> [Prompt]: Apart from the pictures, every record here must be copied word for word.

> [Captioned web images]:
+ + + +
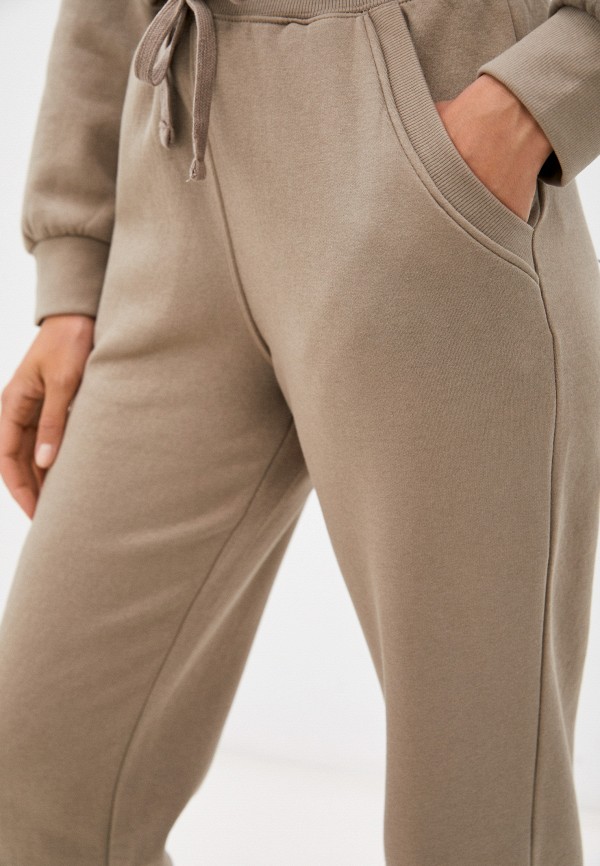 серо бежевые брюки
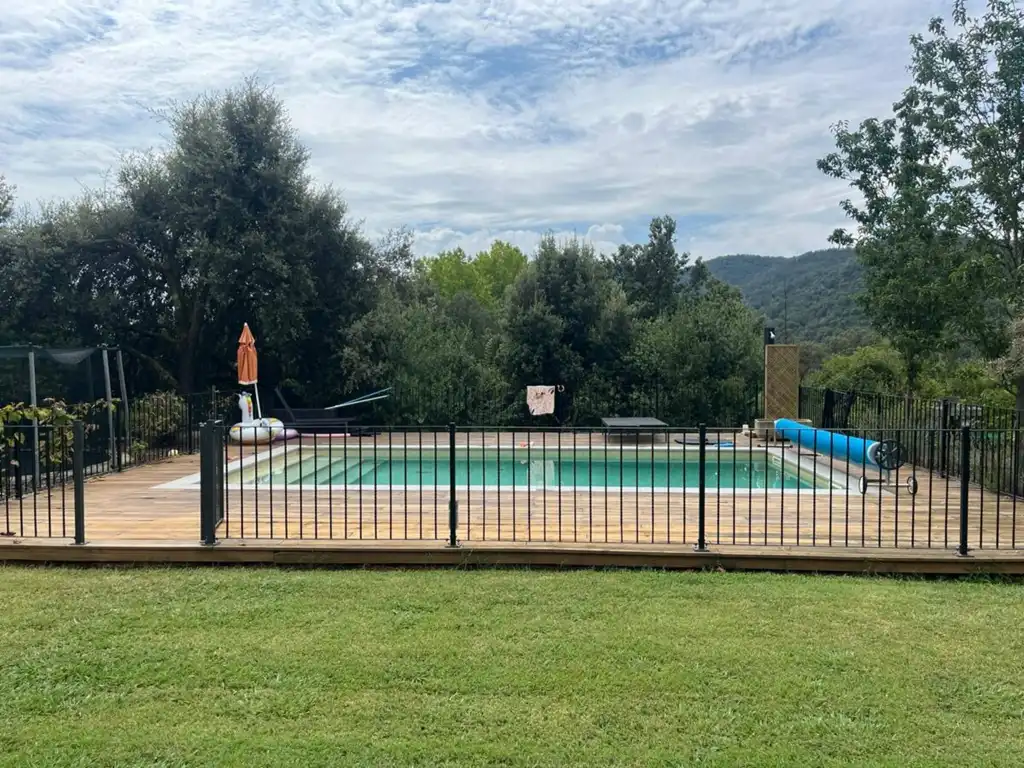 Piscina de Casa o chalet de alquiler en Sant Martí de Llémena con Aire acondicionado, Jardín privado y Trastero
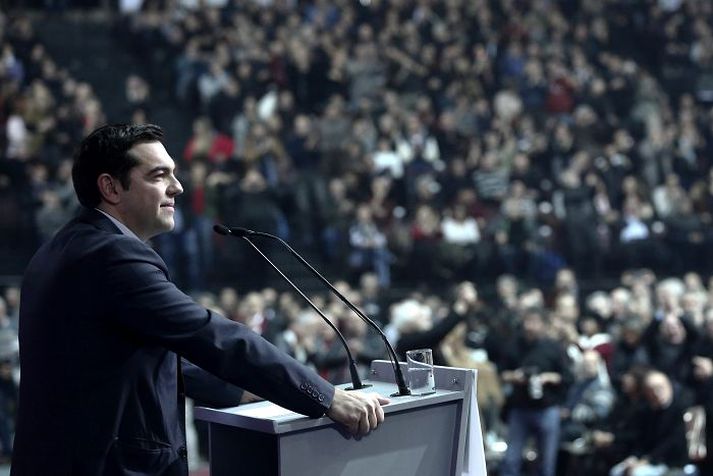 Alexis Tsipras á fjölmennum kosningafundi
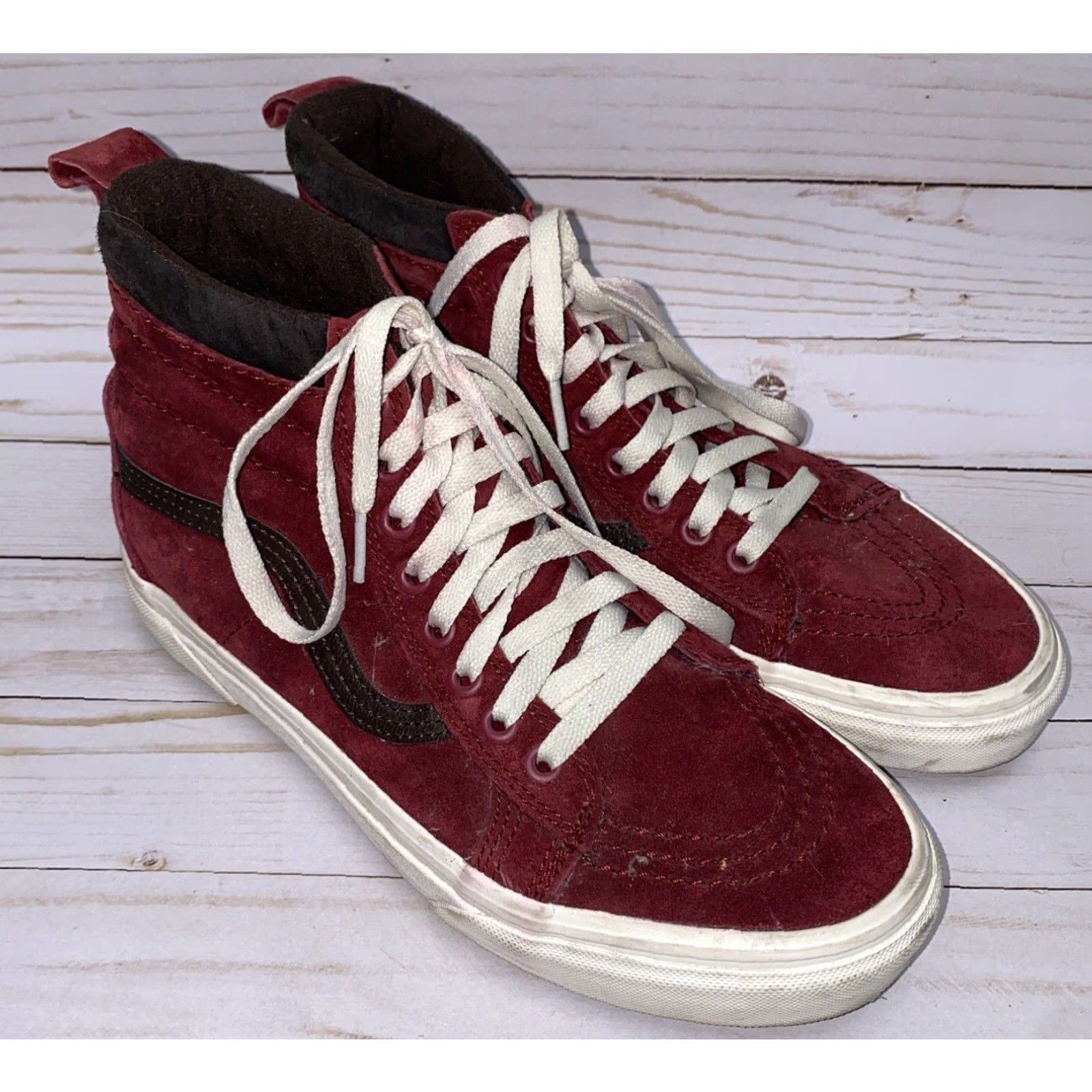 Vans VANS High Top Sneakers Mens Red Lace Up Suede Size 7.5 US 7.5 UK 6.5 EU 40 Shoes Athletic Sneaker Size US M / EU 48-50 / 2 - 2 Thumbnail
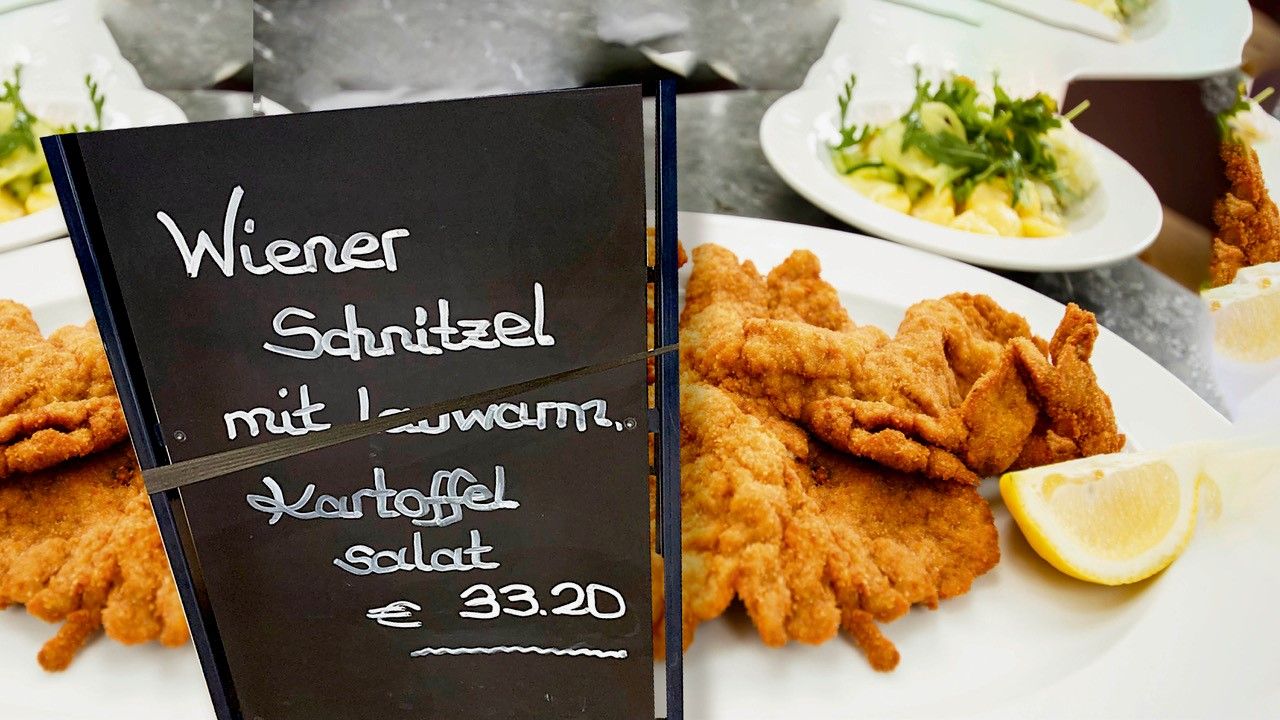 Wenn nicht nur das Fleisch paniert ist: Am Flughafen Berlin Brandenburg verlangt ein Lokal einen hohen Preis für sein Wiener Schnitzel. (Symbolbild)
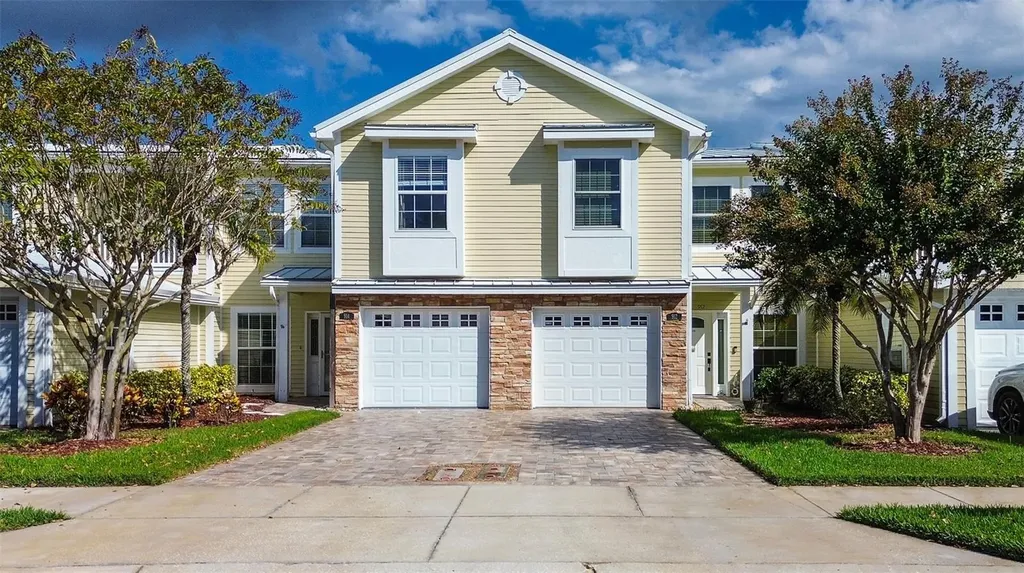 914 Woodbridge Court Safety Harbor FL 34695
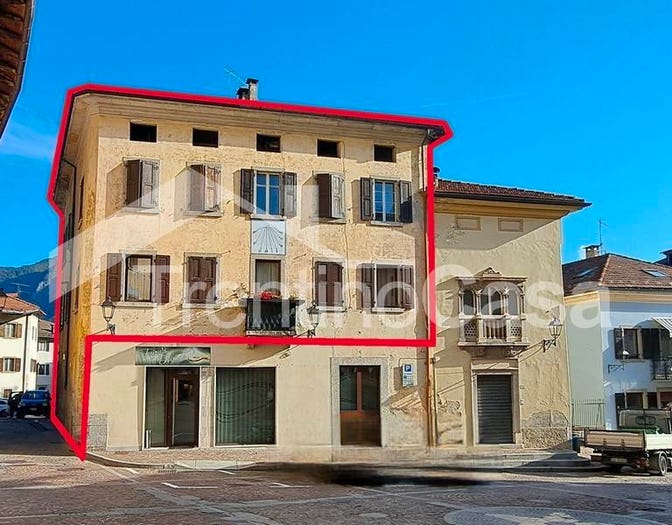 Casa con 6 locali in vendita in piazza Boni, Centro, Tione di Trento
+ + + +
> [Output]:
 серо бежевые брюки
 Piscina de Casa o chalet de alquiler en Sant Martí de Llémena con Aire acondicionado, Jardín privado y Trastero
 Alexis Tsipras á fjölmennum kosningafundi
 Vans VANS High Top Sneakers Mens Red Lace Up Suede Size 7.5 US 7.5 UK 6.5 EU 40 Shoes Athletic Sneaker Size US M / EU 48-50 / 2 - 2 Thumbnail
 Wenn nicht nur das Fleisch paniert ist: Am Flughafen Berlin Brandenburg verlangt ein Lokal einen hohen Preis für sein Wiener Schnitzel. (Symbolbild)
 914 Woodbridge Court Safety Harbor FL 34695
 Casa con 6 locali in vendita in piazza Boni, Centro, Tione di Trento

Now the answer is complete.